DATA SHOWN
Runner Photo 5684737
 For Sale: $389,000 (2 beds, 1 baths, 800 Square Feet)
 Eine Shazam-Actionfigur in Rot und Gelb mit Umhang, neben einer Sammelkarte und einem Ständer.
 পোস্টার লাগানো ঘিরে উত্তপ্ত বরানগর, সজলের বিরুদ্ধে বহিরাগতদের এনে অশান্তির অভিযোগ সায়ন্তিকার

PROBLEM TO SOLVE
Your reply should consist only of the lines running from the line with "For Sale: $389,000" to the end of the listing, retyped exactly.

TASK OUTPUT
 For Sale: $389,000 (2 beds, 1 baths, 800 Square Feet)
 Eine Shazam-Actionfigur in Rot und Gelb mit Umhang, neben einer Sammelkarte und einem Ständer.
 পোস্টার লাগানো ঘিরে উত্তপ্ত বরানগর, সজলের বিরুদ্ধে বহিরাগতদের এনে অশান্তির অভিযোগ সায়ন্তিকার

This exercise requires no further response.